ECLI:NL:CRVB:2021:1722
Centrale Raad van Beroep
- Hoger beroep
- Rechtspraak.nl
Beoordeling van de ontvankelijkheid van een bezwaar tegen een besluit van het Uwv inzake WIA-uitkering
In deze zaak heeft de Centrale Raad van Beroep op 14 juli 2021 uitspraak gedaan in hoger beroep tegen een beslissing van de rechtbank Noord-Holland. Het geschil betreft de ontvankelijkheid van een bezwaar dat door de gemachtigde van betrokkene is ingediend tegen een besluit van het Uitvoeringsinstituut werknemersverzekeringen (Uwv) van 5 oktober 2018, waarin de WIA-uitkering van belanghebbende werd voortgezet.
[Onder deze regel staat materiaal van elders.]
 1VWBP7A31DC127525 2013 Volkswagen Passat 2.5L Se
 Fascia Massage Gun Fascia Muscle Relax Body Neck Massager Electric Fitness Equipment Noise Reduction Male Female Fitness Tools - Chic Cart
Het Uwv had het bezwaar niet-ontvankelijk verklaard, omdat het volgens hen te laat was ingediend. Betrokkene, die eigen risicodrager is voor de Wet werk en inkomen naar arbeidsvermogen (Wet WIA), stelde echter dat het bezwaar op de juiste wijze ter post was bezorgd op 6 november 2018. De rechtbank had het beroep van betrokkene gegrond verklaard en het Uwv opgedragen een nieuwe beslissing op bezwaar te nemen, omdat niet aannemelijk was dat er een fout was gemaakt door de gemachtigde van betrokkene.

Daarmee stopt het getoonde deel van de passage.